EXERCISE AIM:
In the listing that follows, print every line exactly and leave the images out.
---------- MATERIAL PROVIDED
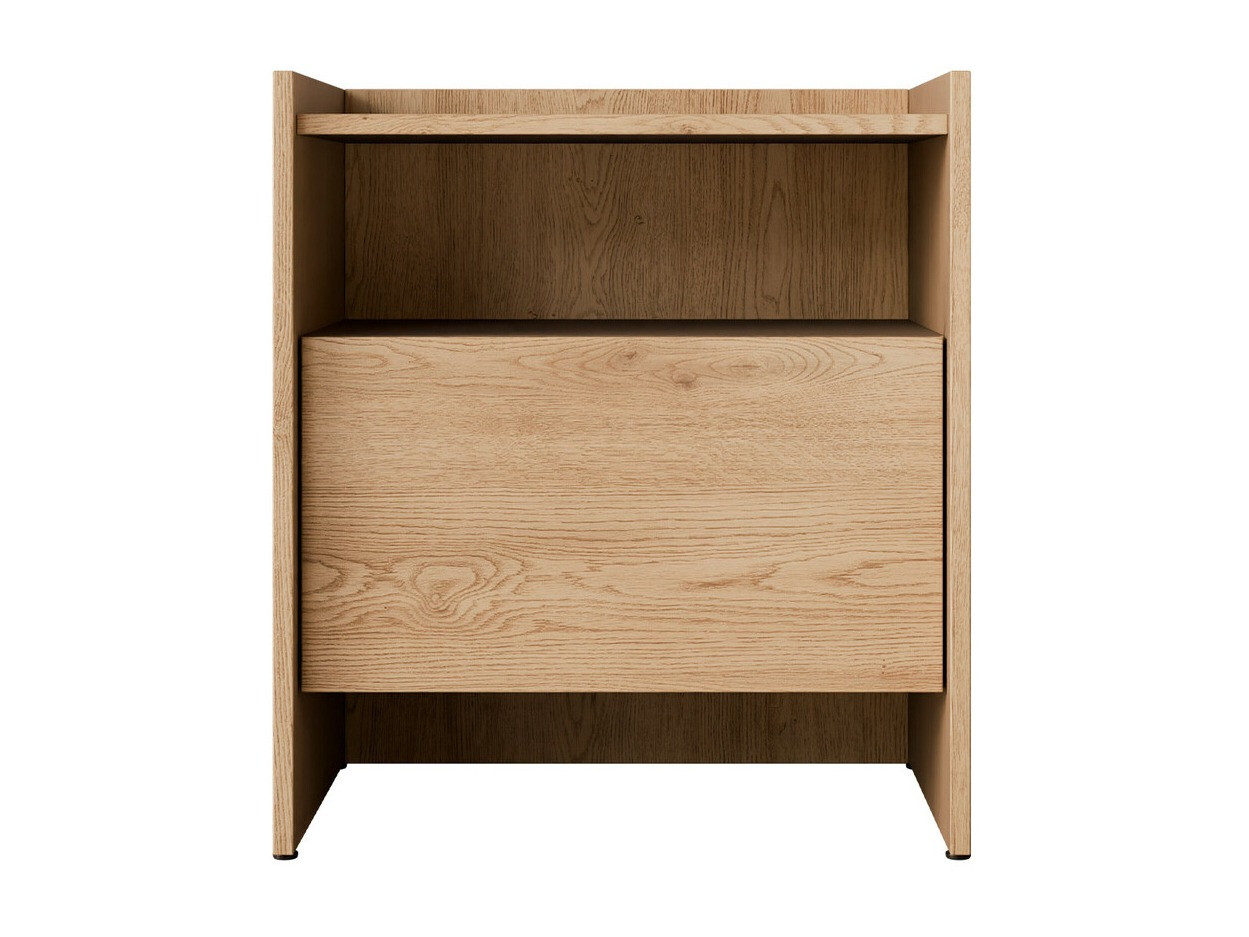 Nachtkastje Filus (Eiken)
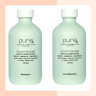 Shampoo & Conditioner Mini Duo 2 x 100ml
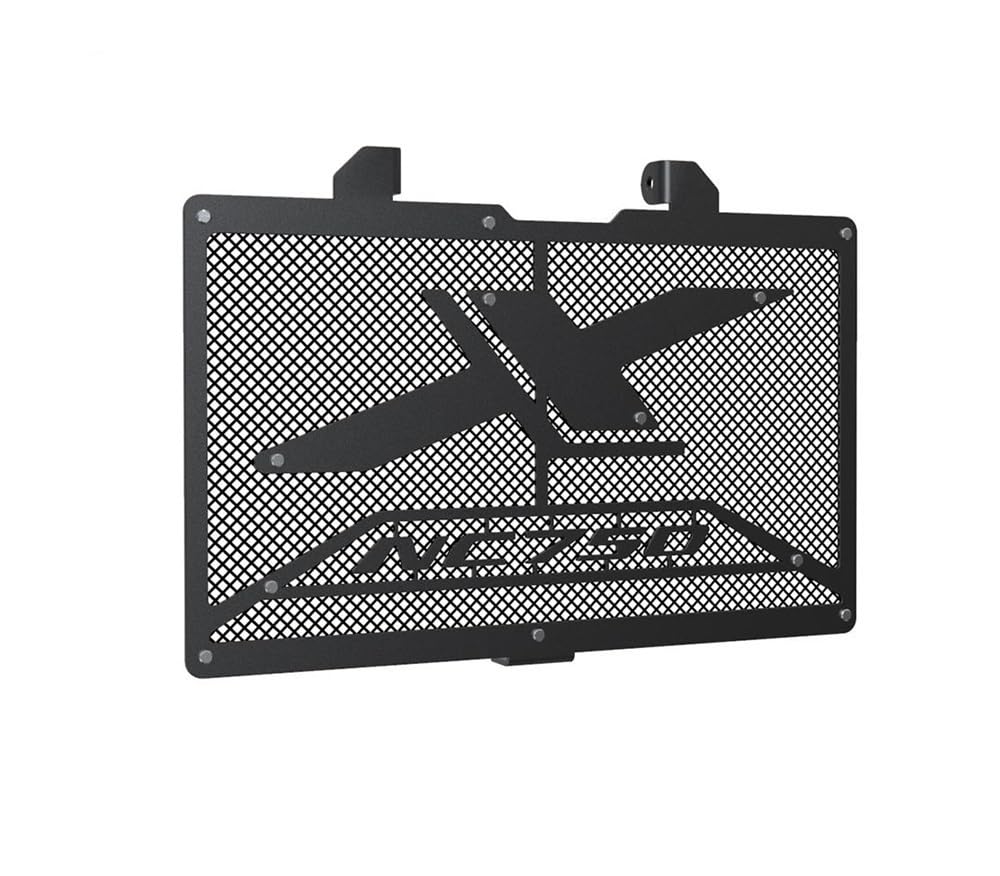 Kühlergrill Abdeckung FÜR NC750X 2021-2023 NC 750X NC750 X Motorrad Kühlergrill Abdeckung Schutz Kühlergrill Schutz Schützen von BGDCVS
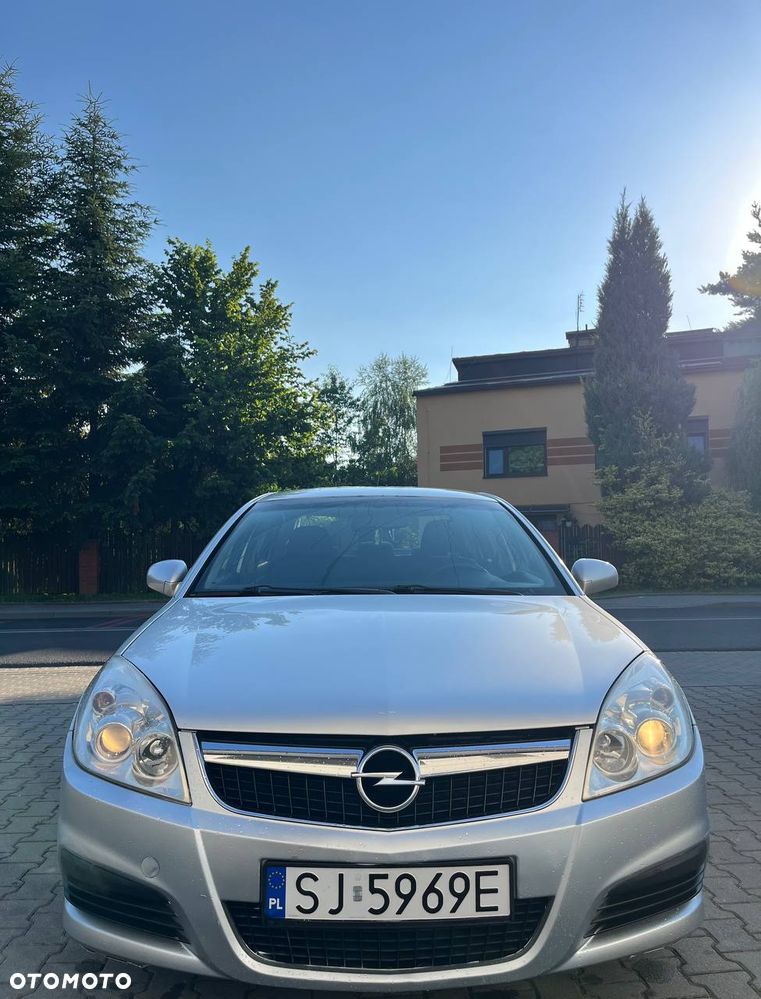 Opel Vectra 1.9 CDTI Elegance - 6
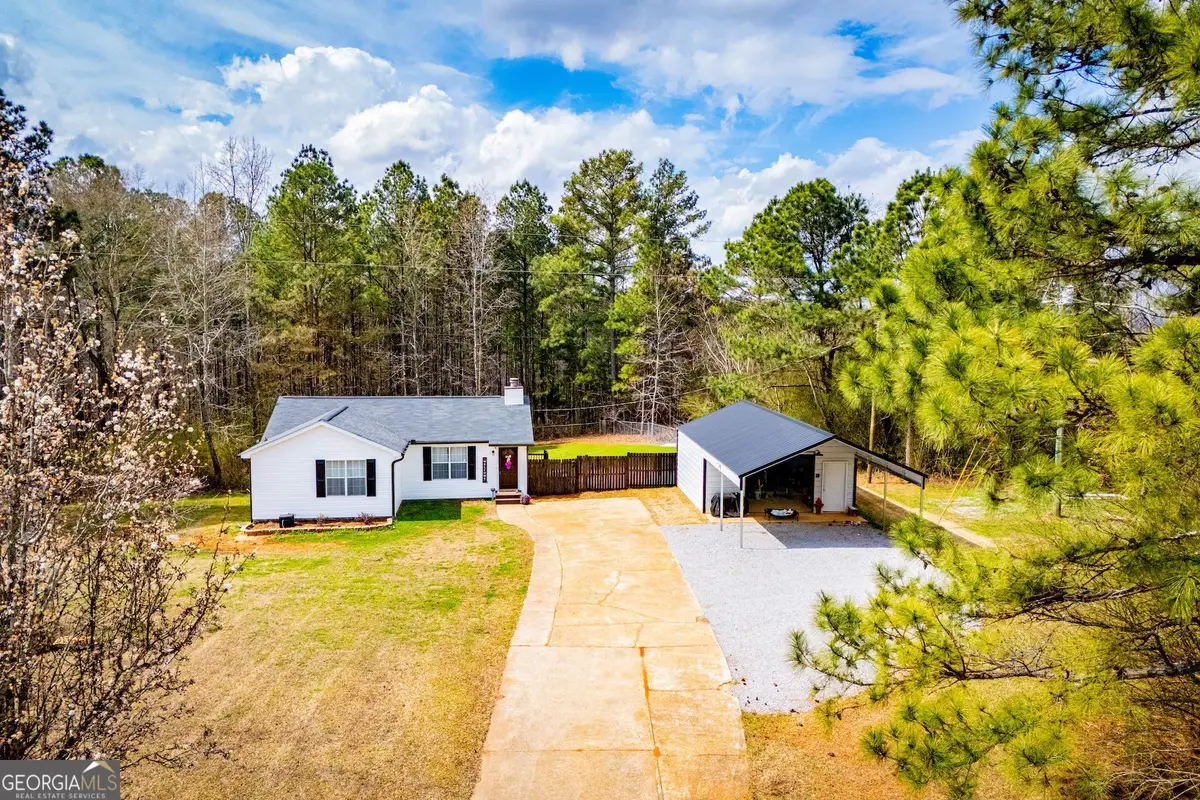 475 Rance Foster Road, Bowdon, GA 30108 - #1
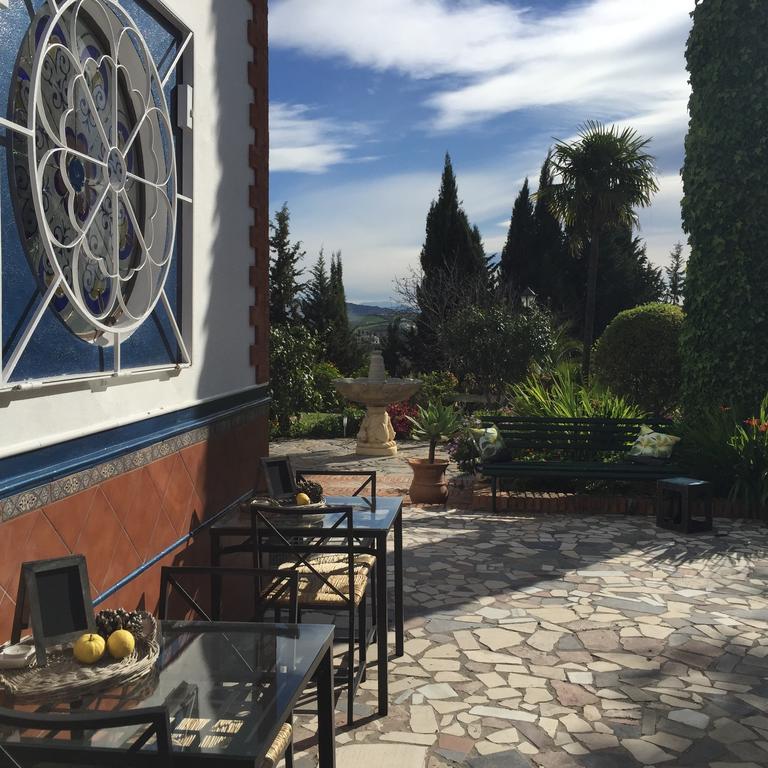 Bed and breakfast Cortijo Andaluz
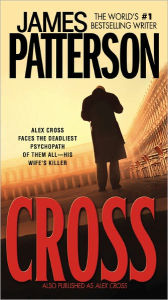 Cross (Alex Cross Series #12)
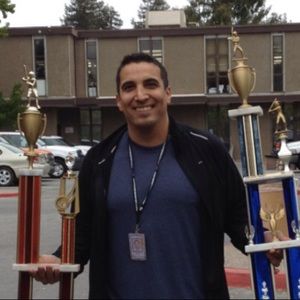 Meet your Posher, John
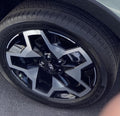 265/60R18 110H PRIMACY LTX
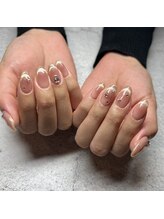 エイティスト(8ist)/チークネイル[新宿/新宿駅]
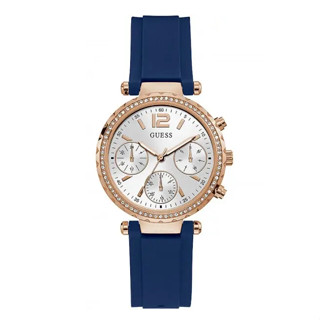 Guess GW0113L3 GW0113L1 GW0113L2 GW0113L4 Solstice Women 36mm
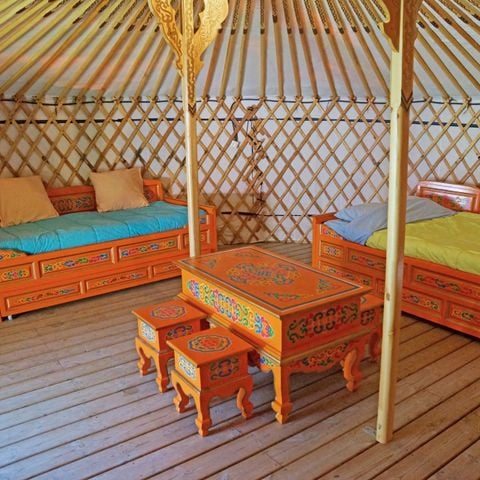 UNUSUAL ACCOMMODATION 4 people - Valjoly + free access to Aquatica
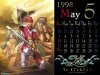 May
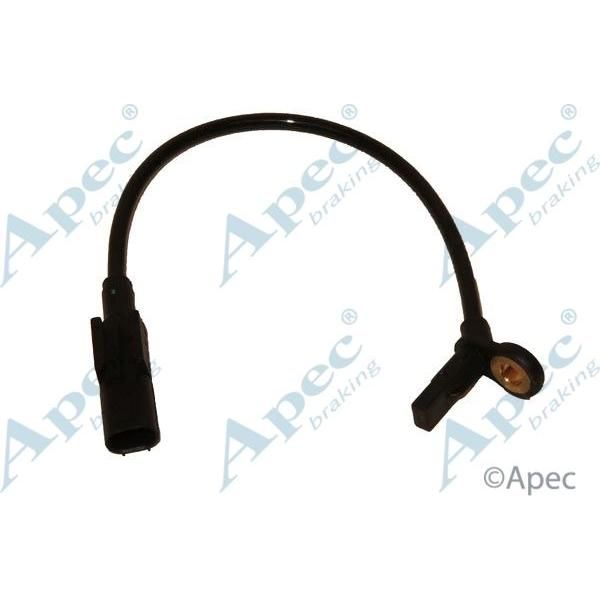 Apec Abs Sensor fits Mercedes Apec  - Town Parts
--------------------
ANSWER SECTION:
 Nachtkastje Filus (Eiken)
 Shampoo & Conditioner Mini Duo 2 x 100ml
 Kühlergrill Abdeckung FÜR NC750X 2021-2023 NC 750X NC750 X Motorrad Kühlergrill Abdeckung Schutz Kühlergrill Schutz Schützen von BGDCVS
 Opel Vectra 1.9 CDTI Elegance - 6
 475 Rance Foster Road, Bowdon, GA 30108 - #1
 Bed and breakfast Cortijo Andaluz
 Cross (Alex Cross Series #12)
 Meet your Posher, John
 265/60R18 110H PRIMACY LTX
 エイティスト(8ist)/チークネイル[新宿/新宿駅]
 Guess GW0113L3 GW0113L1 GW0113L2 GW0113L4 Solstice Women 36mm
 UNUSUAL ACCOMMODATION 4 people - Valjoly + free access to Aquatica
 May
 Apec Abs Sensor fits Mercedes Apec  - Town Parts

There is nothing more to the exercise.